Joke Collection Website - Cold jokes - Digging a hole joke

Digging a hole joke

1, five yuan was kidnapped by a criminal gang, so I called the hundred-dollar bill:

"ah! Your son is here. If you don't want us to kill the ticket, you can exchange yourself for him! "

One hundred dollar bills thought for a moment and said:

"Tear it, tear you up and you don't even have five dollars!"

A man was starving in the desert when he found the magic lamp.

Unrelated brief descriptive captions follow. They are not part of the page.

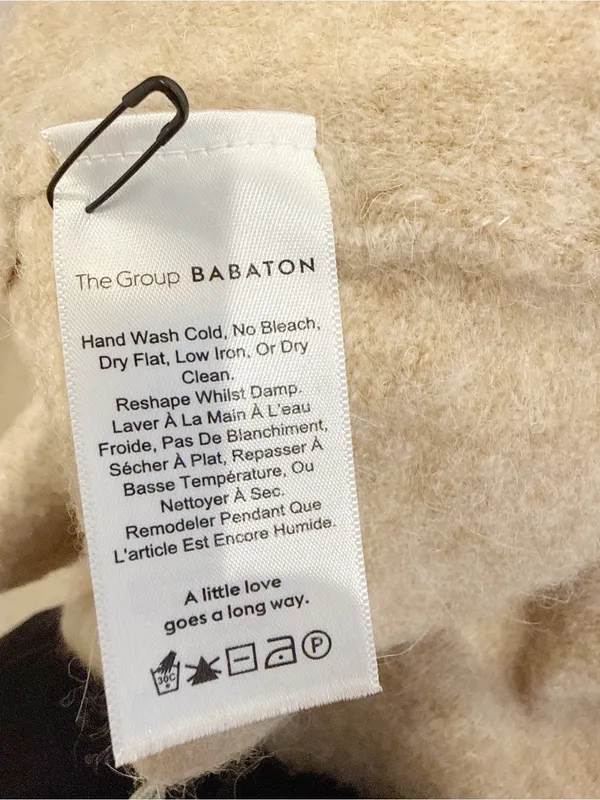 ARITZIA The BABATON Grouo Bandinj‎ Wrap Cross Front V neck Sweater in Tan - Image 6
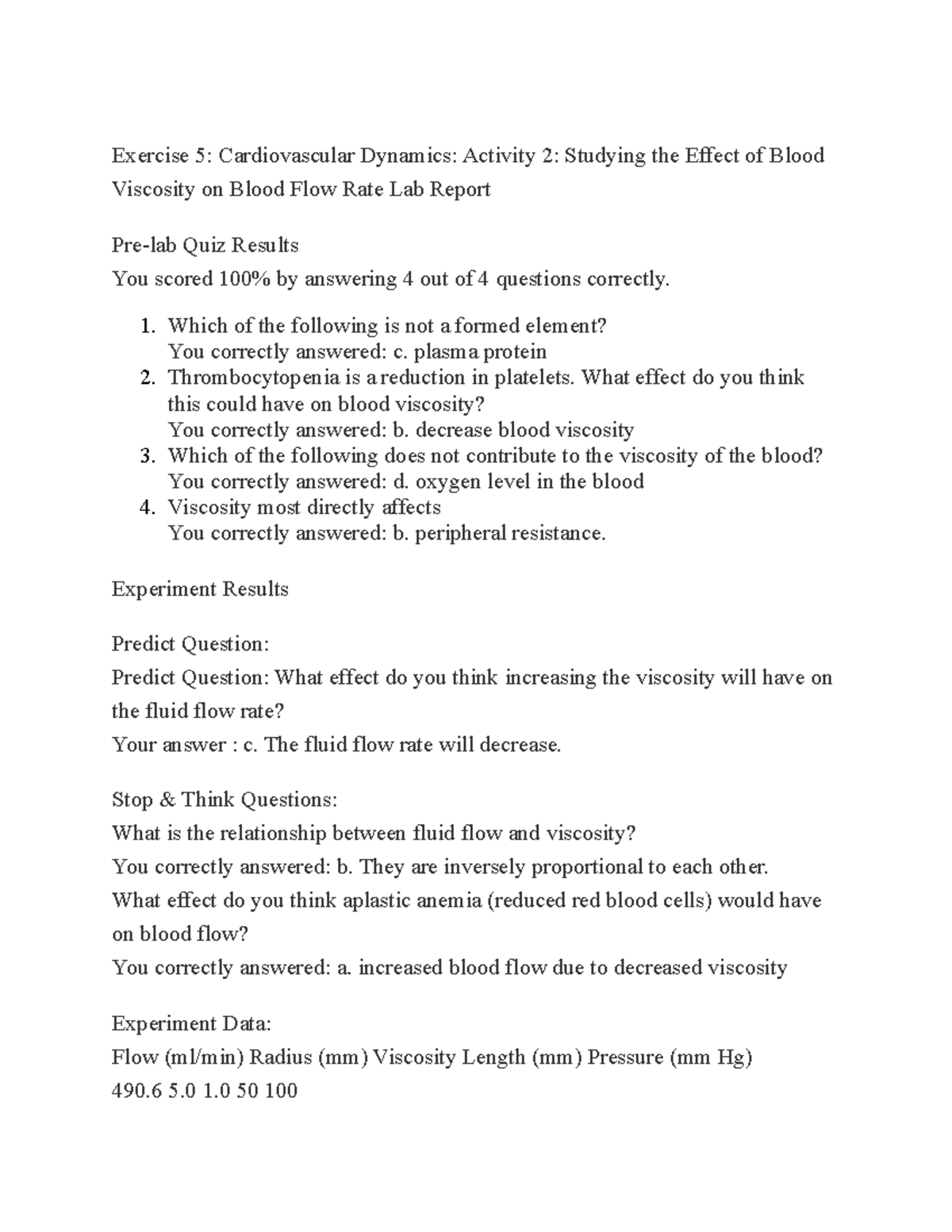 assignment 2 week 5 cardiovascular activity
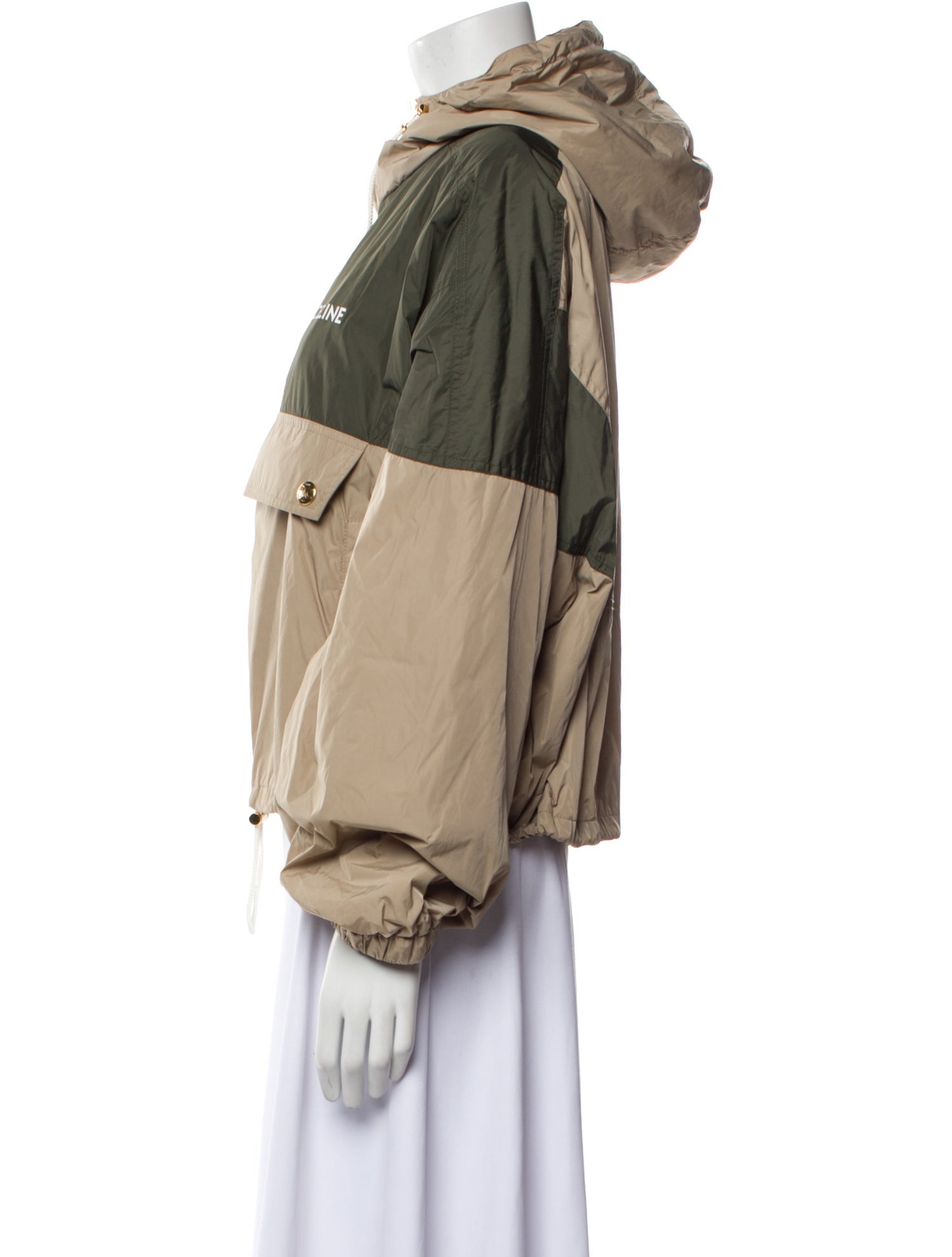 Celine Nylon Colorblock Pattern Utility Jacket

Magic lamp: "I can only realize your one wish." Hurry up, I'm in a hurry. "

Man: "I want a wife ..."

The magic lamp immediately conjured up a beautiful woman, and then said disdainfully, "I'm starving and I'm greedy for beauty!" " Pathetic! "Say it.

disappear

Man: "... cake."

The earthworm family was bored this day, so the little earthworm cut himself in two and played badminton.

Mother earthworm thinks this method is good, so she cuts herself into four sections and plays mahjong.

Father earthworm thought about it and cut himself into minced meat.

Mother earthworm cried and said, "Why are you so stupid?" You will die if you cut so hard! "

Father earthworm said weakly ... I suddenly want to play football. "

5. Panda Man wants QJ Panda Girl, and Panda Girl struggles to resist and swears to the death. Panda man said angrily after the failure:

"We are all going extinct ~ ~ ~!"

10, the tortoise and the rabbit race ... the rabbit quickly ran to the front. ..

The tortoise saw a snail crawling slowly .. and said to him, come up, I'll carry you. ..

Then, the snail came up. ..

After a while, the tortoise saw another ant and said to him, come up, too. ..

So the ants came up. .

When the ant came up, he saw the snail on it and greeted him.

Do you know what the snail said?

Snail said: hurry up, this turtle is so fast. ...

1 1. A man and a woman are eating.

Girls keep asking boys: Do you love me?

The boy glanced at the girl and went on eating dinner.

The girl was very angry and asked, Do you love me or not?

The boy finally said: love

The girl asked again, then how do you prove it?

Suddenly, the boy took out 30 yuan money from his pocket.

And ask the girl: Do you have ten dollars?

The girl gave the boy ten yuan. ..

The boys put forty yuan on the table.

soon .....

The girl was very angry and asked the boy: Do you want to prove that you love me or not?

Boys say I have been proved! ! !

Forty is just around the corner!

15, a day in the snack street.

Find a store that sells egg towers

Every one looks delicious. I want to buy one to try.

I asked the clerk, "Is this sold separately?"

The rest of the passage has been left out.